Henry Ford should discard the legal technicalities placed about him as a protective barrier by his counsel and take the opportunity of telling in court all he knows about the “Jewish conspiracy,” alleged by him, if he is an honest man, urges the New York “Times” of Sunday in an editorial headed “Mr. Ford’s Opportunity.”
“Henry Ford’s appearance on the witness stand in the Detroit suit for libel against him,” the “Times” writes, “is expected to be marked by every form of legal technicality. He will be protected by the Judge from questions not strictly in accord with the rules of evidence. This is his lawful right. So it is to employ skilled lawyers who will guard him against any cross-examination which might be held to be irregular. But the case has assumed such proportions and importance that a man of Mr. Ford’s position and great wealth ought not to be willing to take advantage of the intricacies of court procedure. It is perfectly possible for him to cut through all the red tape of the trial and insist upon making his attitude clear in the whole controversy.
“For years through ‘The Dearborn Independent’ he has been pursuing a certain line of policy.

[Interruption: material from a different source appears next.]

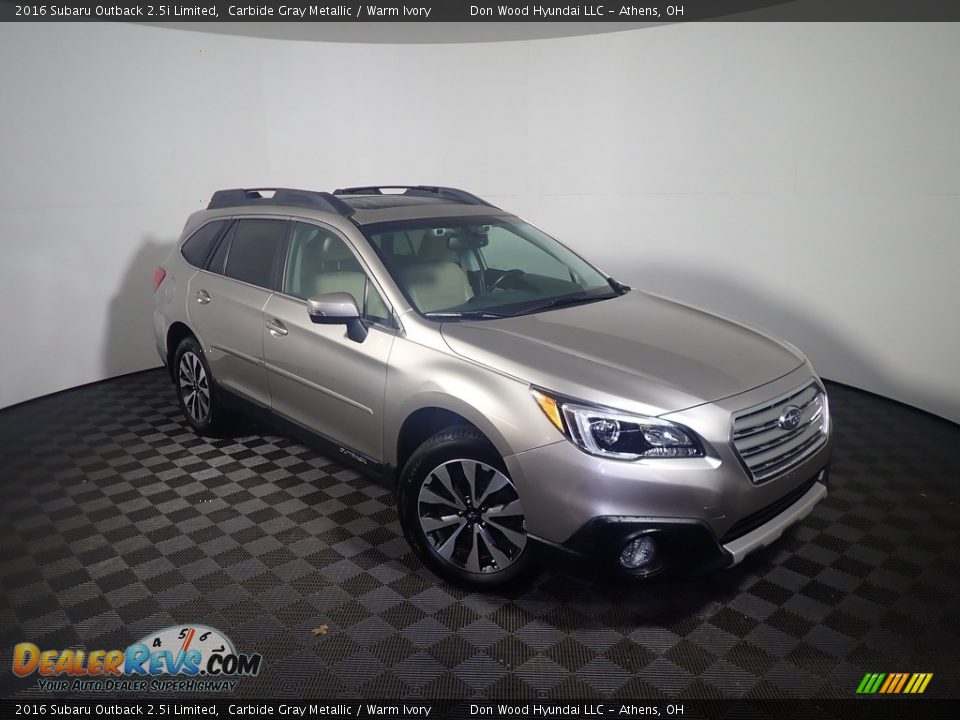 Front 3/4 View of 2016 Subaru Outback 2.5i Limited Photo #7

His sincerity in so doing need not be questioned. It may be that he has acted upon insufficient information or distorted evidence, but his persistence in causing to be published what he has printed about the ‘great Jewish conspiracy’ indicates that he honestly believes the statements which have been made public under the warrant of his authority. This being so, he now has a wonderful opportunity to take the whole country into his confidence, to set forth the reasons for the course which he has pursued, and to justify, if he can, the assertions which he has caused to be printed. It would seem that a man of his strong convictions would jump at the chance to set the whole matter straight, so far as he is able to do it.
“He has at his disposal an instrument of publicity absolutely unequaled. Through ‘The Dearborn Independent,’ published at a loss and with a limited circulation, he could reach but a comparatively few Americans; but if he were to take the stand in Detroit and tell all that he knows about the subjects in dispute, every word of his testimony would be printed on the first page of every newspaper in the United States. What an opportunity to reach what an audience! To a man with a cause deeply at heart the invitation would appear to be simply irresistible. If Mr. Ford is convinced, as he must be if he is an honest man, that the matter printed in ‘The Dearborn Independent’ truthfully states an abhorrent and appalling menace to the people of the United States, it is hard to see how he can refrain from painting the danger in such colors before the eyes of this entire country, and in fact of the whole world, that the facts will be established beyond challenge, since it is plain that he has complete faith that they can be so established.
“It may be said that for Mr. Ford to undertake anything of this kind would imperil his chances in the suit for libel now being pressed against him. But any such consideration is beneath his notice. Even if the plaintiff made out his case and were able to win the claim of damages to the extent of $1,000,000, this is a sum which Henry Ford could put out of his reckoning with contempt. It would mean nothing to him except a few scratches of a pen on a check. Moreover, it is an amount of money, trifling in comparison with his vast holdings of property, which he might eagerly sacrifice in order to take advantage of his unparalleled opportunity to get the explanation of his anti-Jewish attitude before every citizen of the United States.
“Besides opportunity, it is an obligation that knocks at the door of Henry Ford,” the “Times” further emphasizes. “He has allowed his name to be made sponsor for cruel accusations. His charge that prominent Jews have conspired to bring about a hateful domination of American finance, and a still more hateful oppression of American laboring men and farmers, is not a matter of grave concern to those whom he has immediately attacked. They know how impossible of proof are the allegations, and they also know how to defend themselves. But this tide of race calumny has swept on, in the columns of the ‘Dearborn Independent’, until it has brought pain and suffering to millions of American citizens. They have felt themselves equally hurt and helpless under such sweeping and anonymous attacks. Now the day has come when Mr. Ford, as an honorable and sincere man, might well feel that he is bound either to justify himself or else manfully to retract the charges which have been made in his name. It is an unexampled opportunity now within his grasp. Will he seize it? It is, more than that a solemn duty laid upon such a world figure as he has become. Will he rise to it?”